■ Material for this task
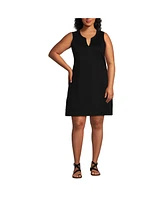 Lands' End Women's Plus Cotton Jersey Notch Neck Dress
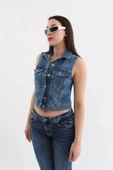 Banny Jeans Kadın Mavi Yelek - 5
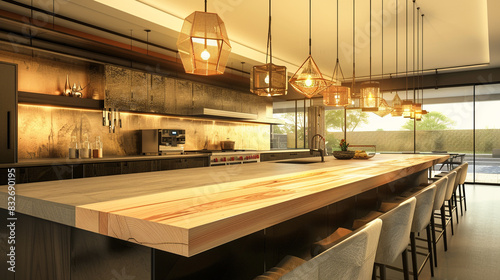 A sleek and spacious Modern Craftsman kitchen centerpiece, featuring a wide island with a butcher block countertop. Above the island, pendant lights with geometric designs provide a contemporary feel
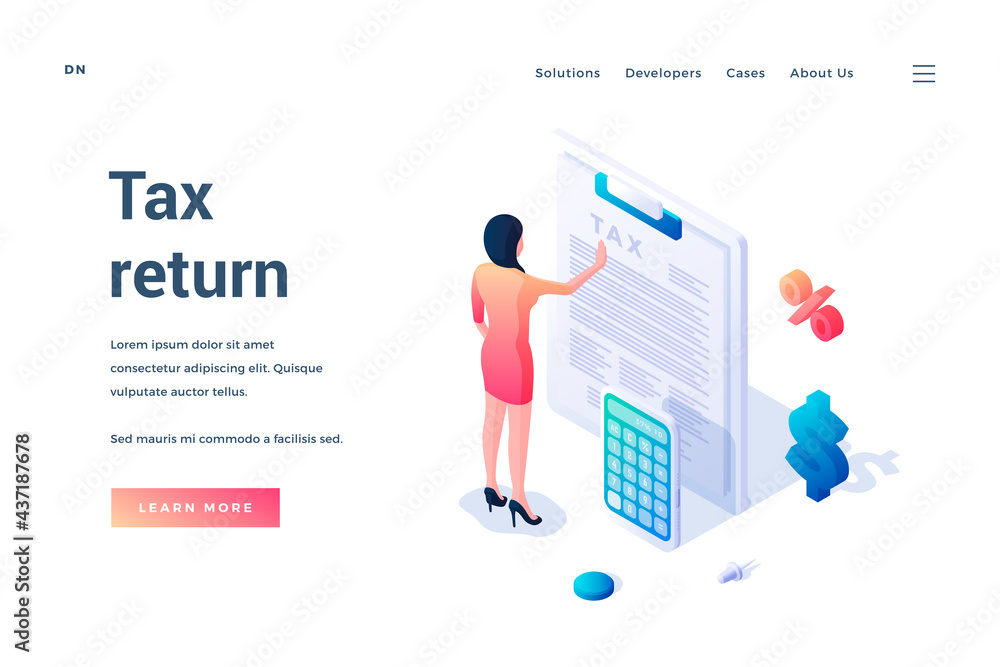 Tax return. Isometric landing page template. Income tax filling. Woman filling tax form. Revenue declaration. Web banner. Vector illustration
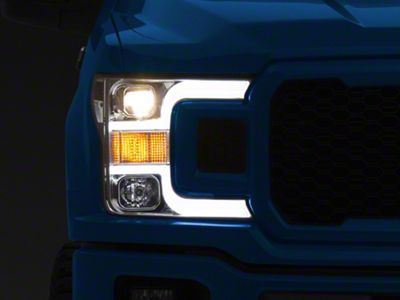 Projector Headlights; Chrome Housing; Clear Lens (18-20 F-150 w/ Factory Halogen Headlights)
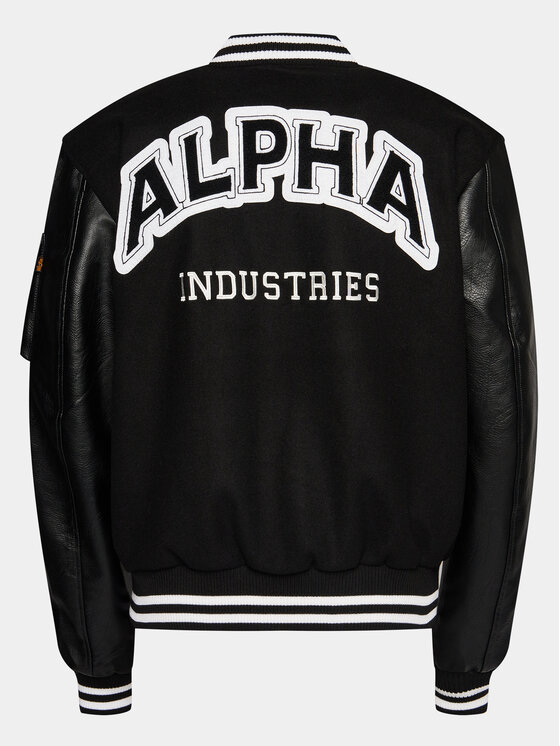 Alpha Industries Alpha Industries Μπόμπερ μπουφάν College 146111 Μαύρο Relaxed Fit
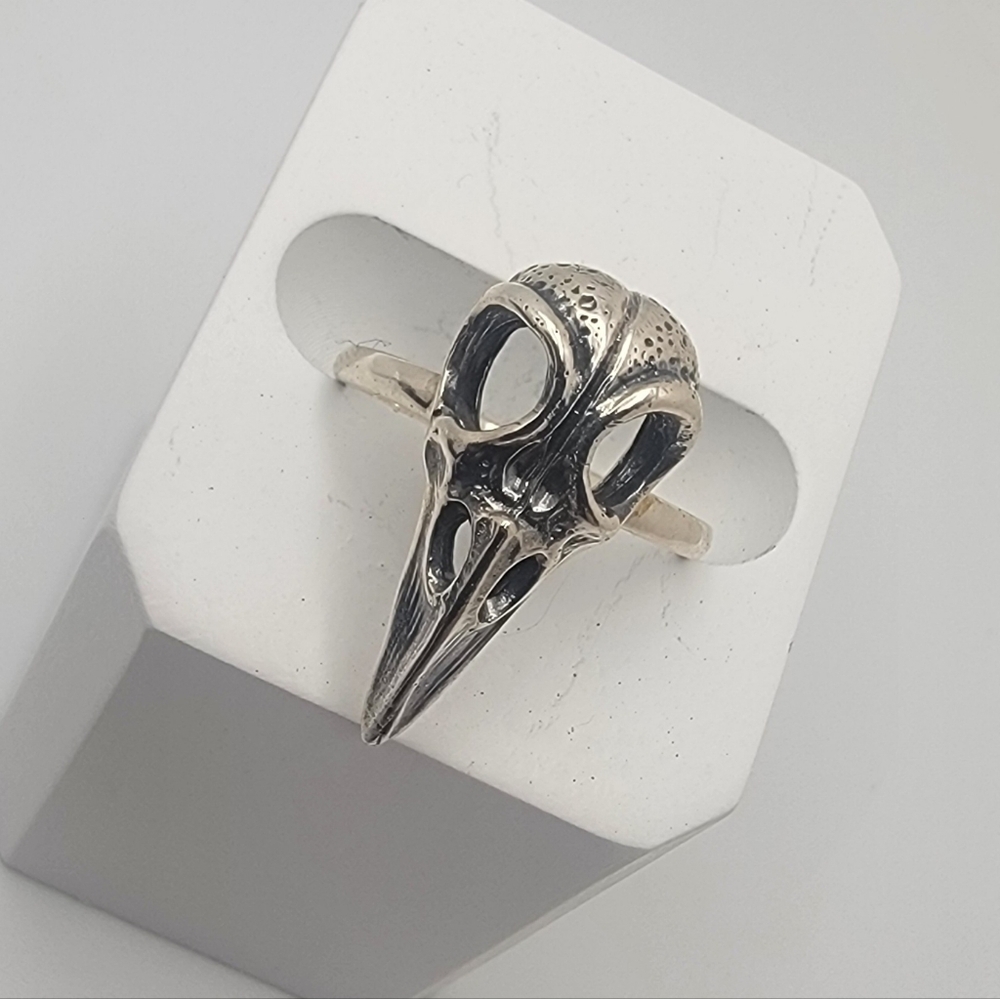 Gothic Raven Sterling Silver Skull Ring Size 6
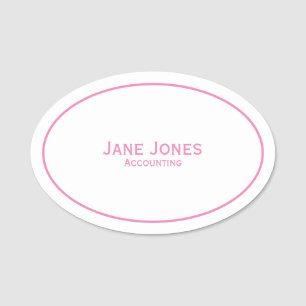 Your Name, Dept. Minimalist  Pink and White Name Tag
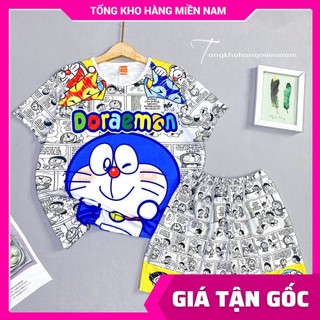 Đồ bộ doremo mặc nhà Vải thun mềm mịn mát co giãn tốt in họa tiết hoạt hình bò sữa dễ thương DBRBD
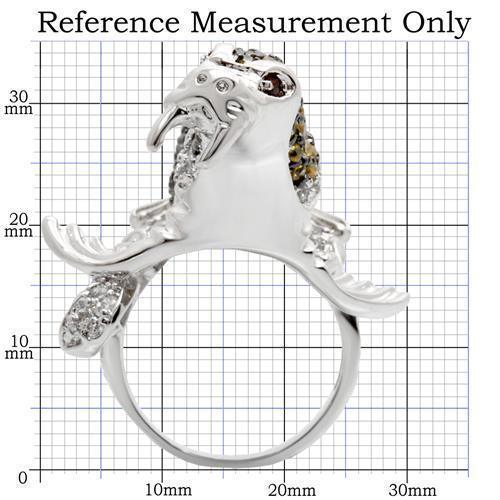 0W008 - Rhodium + Ruthenium Brass Ring with AAA Grade CZ  in Multi Color Size 7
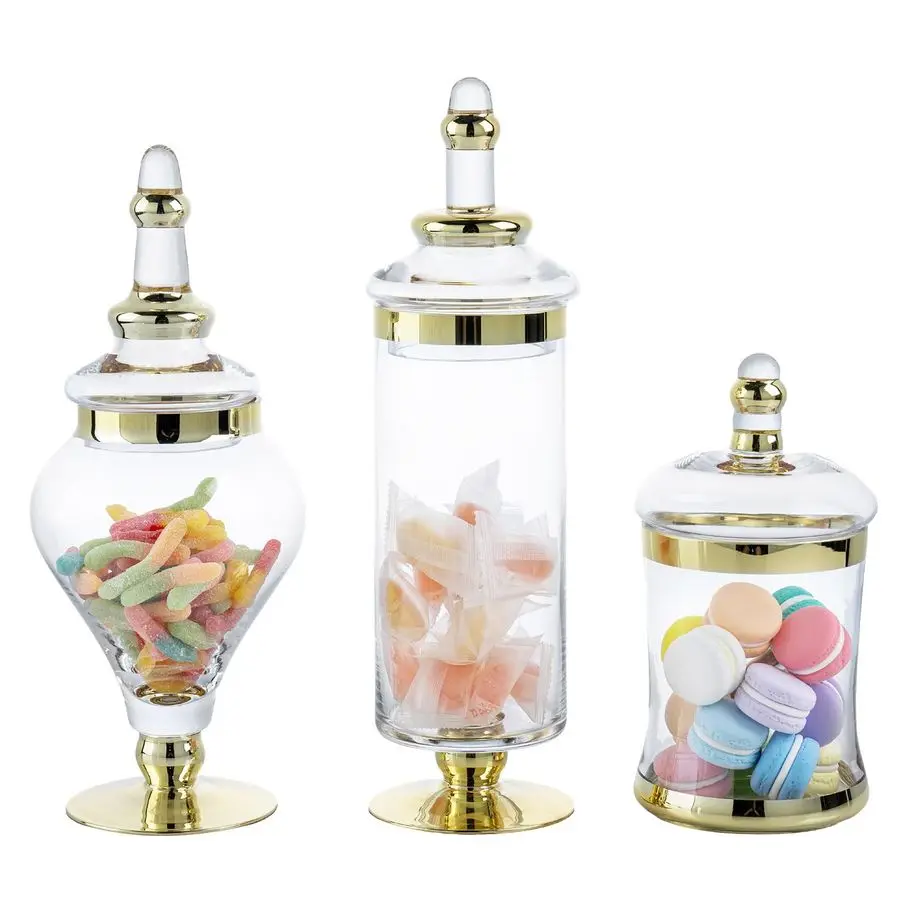 

3 Piece Set Antique Clear Glass Bathroom Apothecary Jars with Lid, Wedding Centerpiece, Kitchen Storage Jars with Metallic Brass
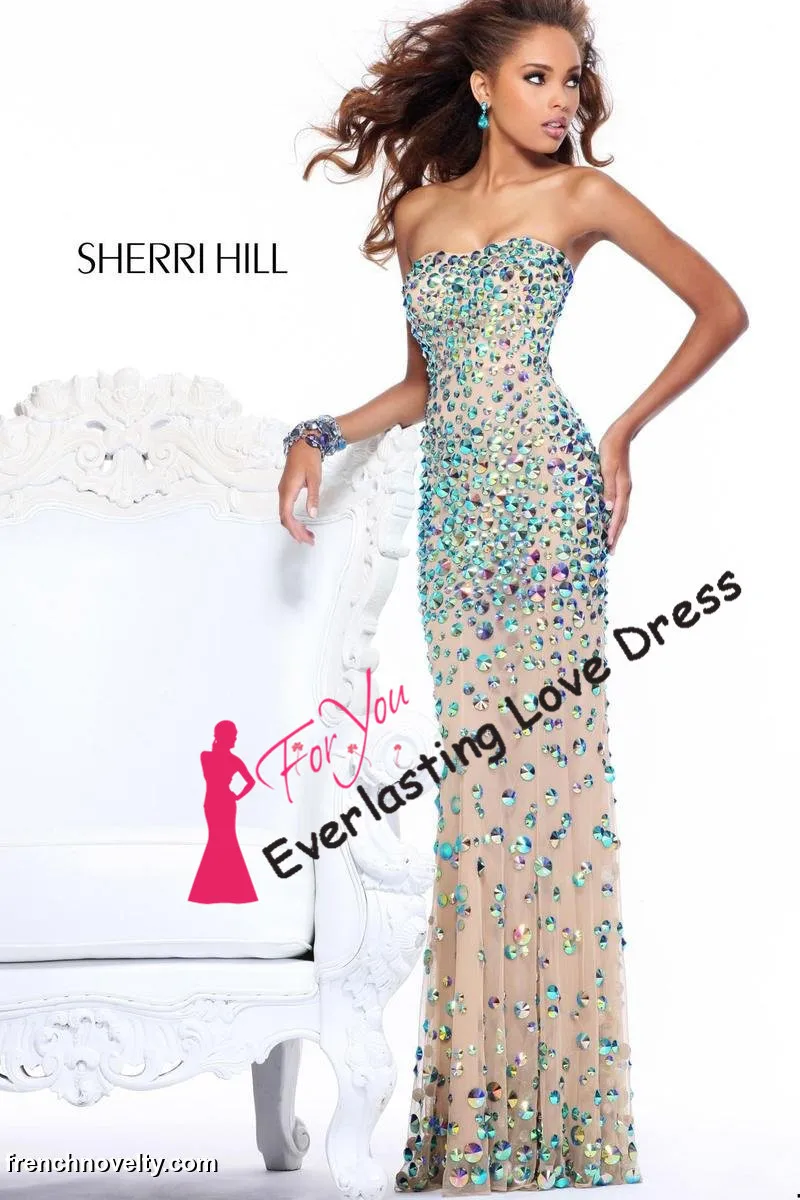 2014 vestidos de fiesta Strapless AB Rhinestones Beading Biling Prom Dresses Floor Length Crystal Evening Gown Formal | Свадьбы и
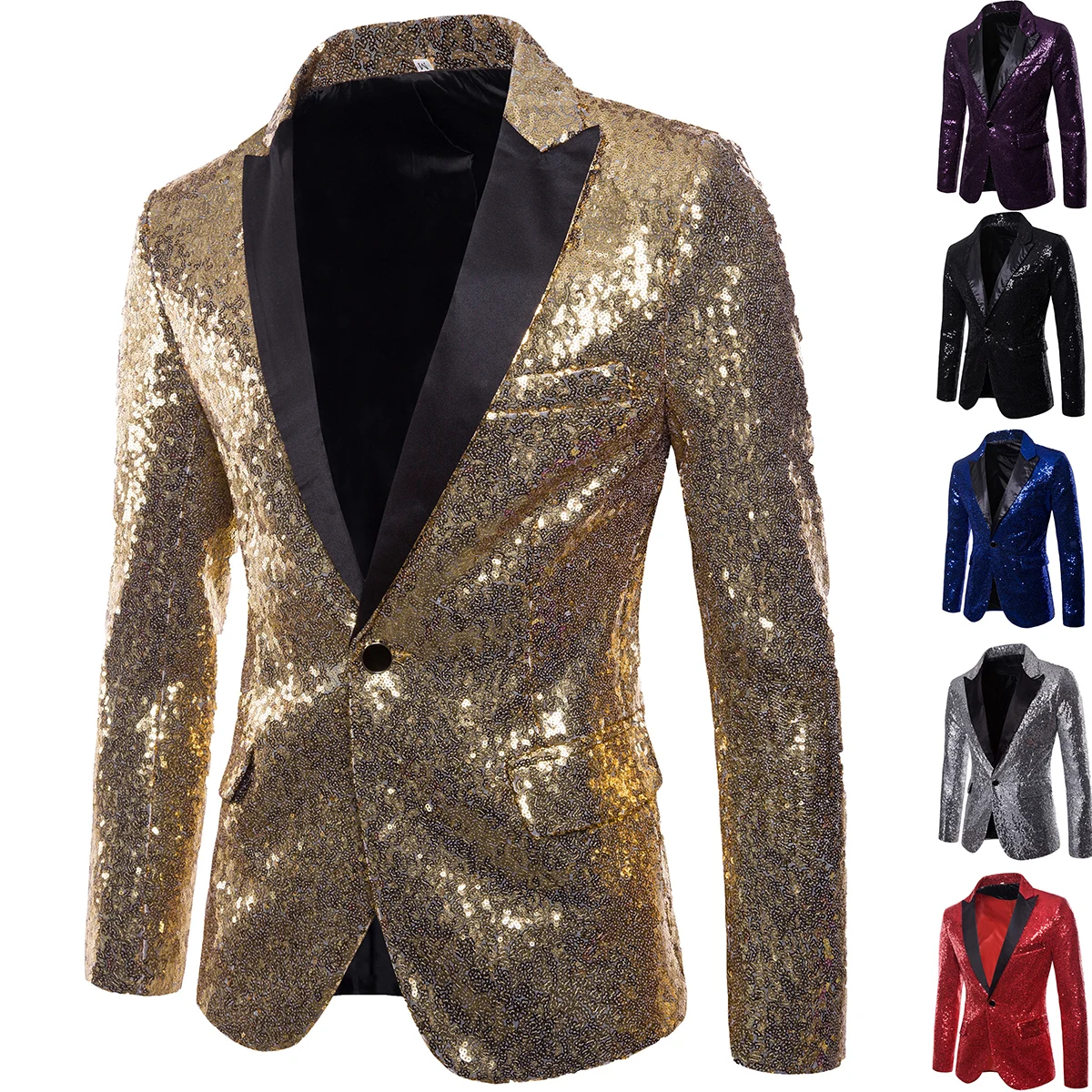 Chaqueta de traje para hombre, Blazer brillante con lentejuelas redondas, banda PARA CENA DE BODA, escenario, actuación callejera, club nocturno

■ Problem requirements
Return word for word the lines from the beginning of the entries through the line that contains "Banny Jeans Kadın Mavi Yelek - 5", both ends included, but no pictures.

■ Task solution
 Lands' End Women's Plus Cotton Jersey Notch Neck Dress
 Banny Jeans Kadın Mavi Yelek - 5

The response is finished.